Records drawn from a dataset:
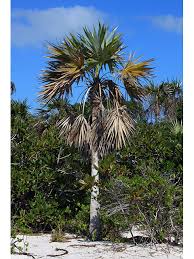 Image result for Coccothrinax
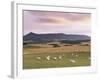 Fields and Sheep Near Oldmeldrum, Aberdeenshire, Scotland, United Kingdom, Europe-Patrick Dieudonne-Framed Photographic Print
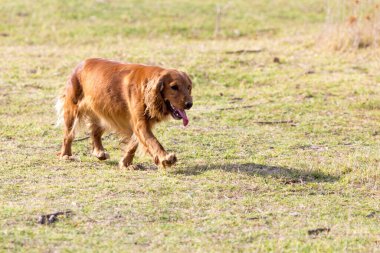 Kırmızı köpek doğada. Doğadaki parkta.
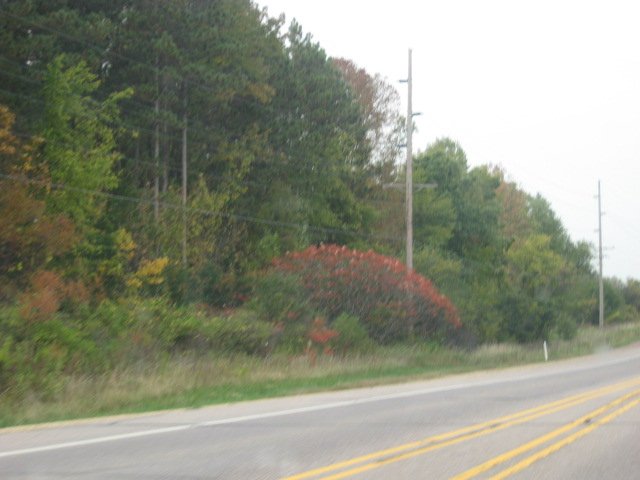 Picture 095.jpg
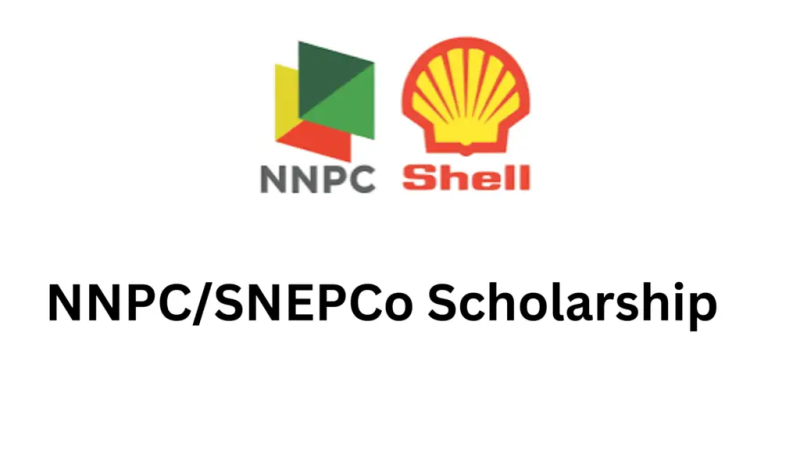 NNPC/SNEPCo National University Scholarship 2025
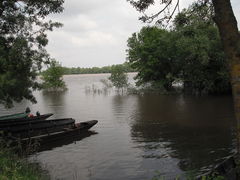Bateau thoureil 2013 a.jpg
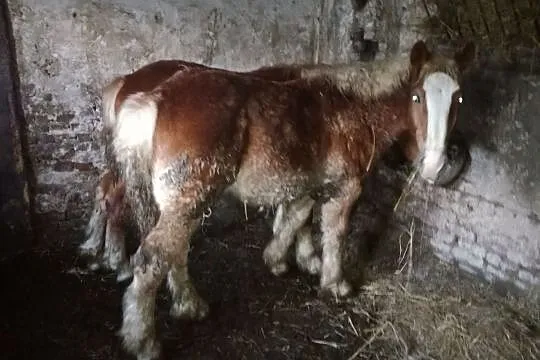 Sprzedam klaczki i ogierki sztumskie, , Jabłówko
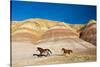 USA, Wyoming, Shell, Heard of Horses Running along the Painted Hills of the Big Horn Mountains-Terry Eggers-Stretched Canvas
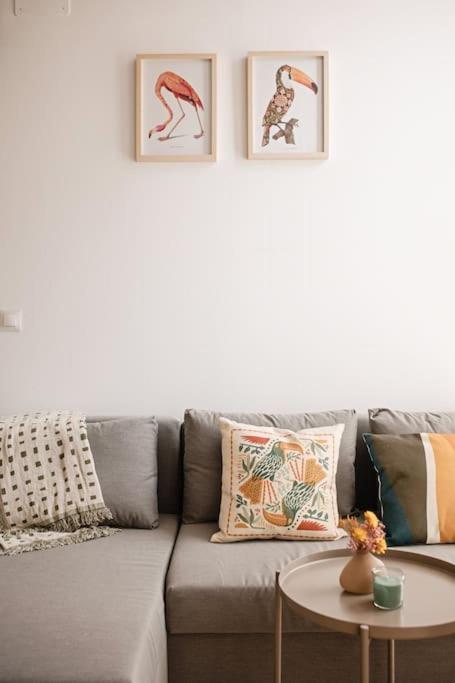 Lofts plaza JM Orense B - 23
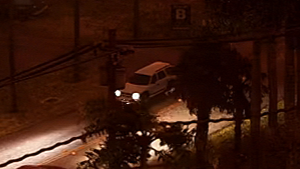 그랜드 테프트 오토 VI의 홍보 웹사이트에 있는 앰브로시아 엽서 비디오에 등장하는 도라도.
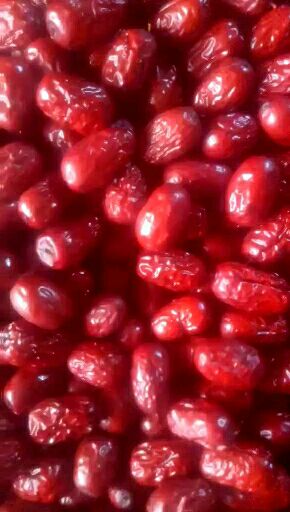 灰枣  新疆红枣若羌红枣厂家供应电商可代发价低质量好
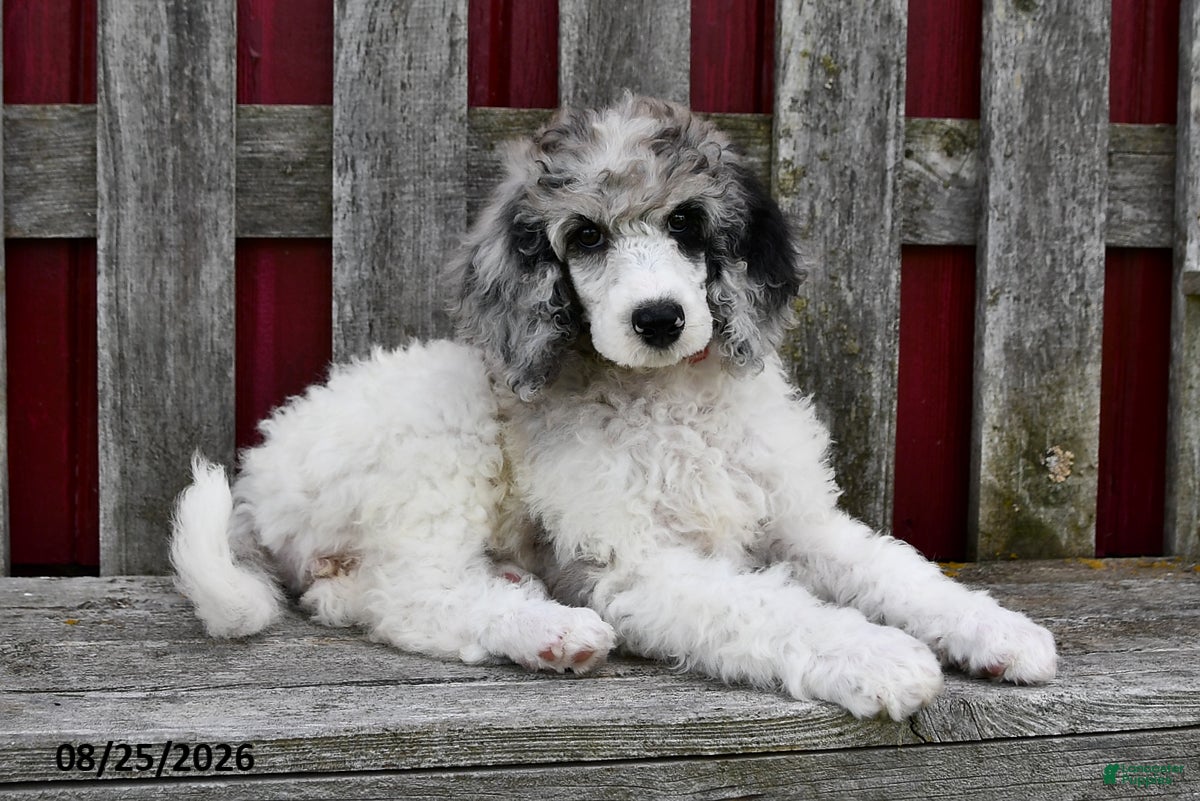 Standard Poodle dogs Rosie - Ad 2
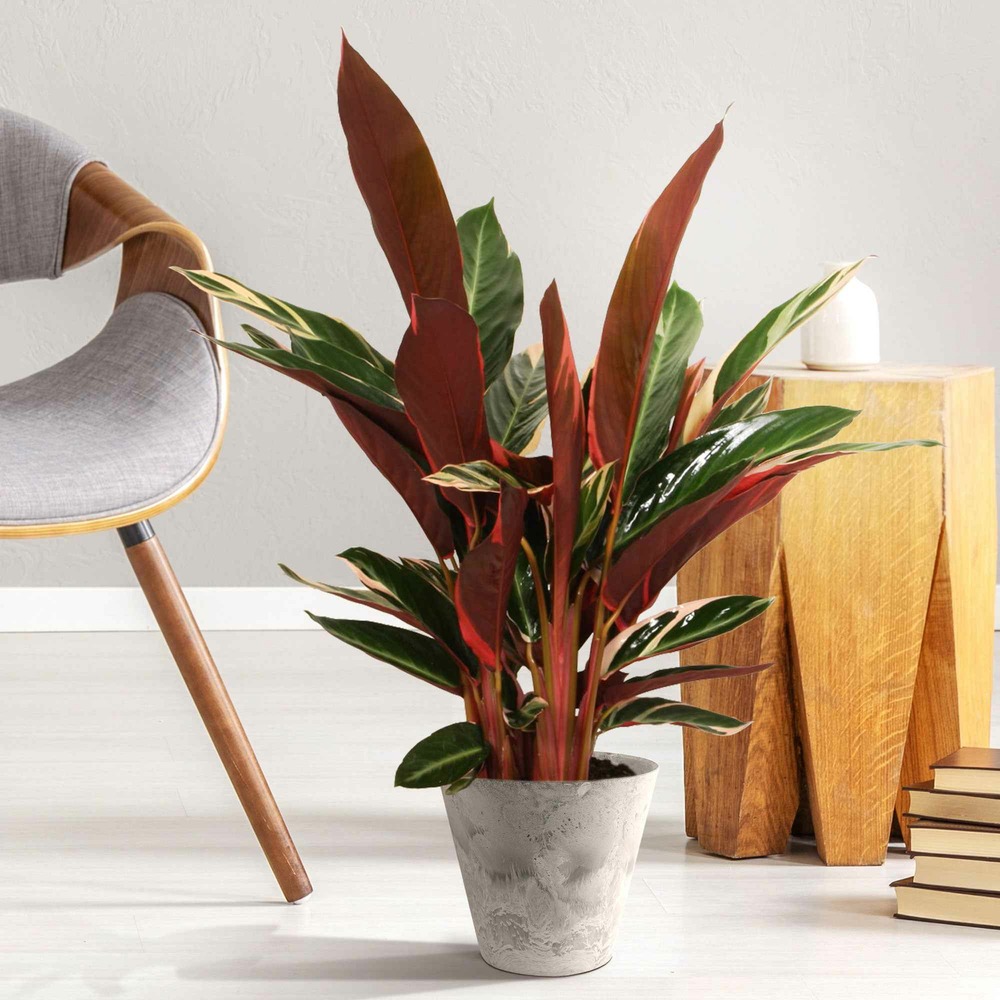 Calathea 'triostar' - le pot / ø 19cm / hauteur livrée 65-85cm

**WHAT YOU ARE ASKED TO DO:**
All the lines above are to be given again exactly as they read, with the pictures removed.

**PROBLEM SOLUTION:**
 Image result for Coccothrinax
 Fields and Sheep Near Oldmeldrum, Aberdeenshire, Scotland, United Kingdom, Europe-Patrick Dieudonne-Framed Photographic Print
 Kırmızı köpek doğada. Doğadaki parkta.
 Picture 095.jpg
 NNPC/SNEPCo National University Scholarship 2025
Bateau thoureil 2013 a.jpg
 Sprzedam klaczki i ogierki sztumskie, , Jabłówko
 USA, Wyoming, Shell, Heard of Horses Running along the Painted Hills of the Big Horn Mountains-Terry Eggers-Stretched Canvas
 Lofts plaza JM Orense B - 23
 그랜드 테프트 오토 VI의 홍보 웹사이트에 있는 앰브로시아 엽서 비디오에 등장하는 도라도.
 灰枣  新疆红枣若羌红枣厂家供应电商可代发价低质量好
 Standard Poodle dogs Rosie - Ad 2
 Calathea 'triostar' - le pot / ø 19cm / hauteur livrée 65-85cm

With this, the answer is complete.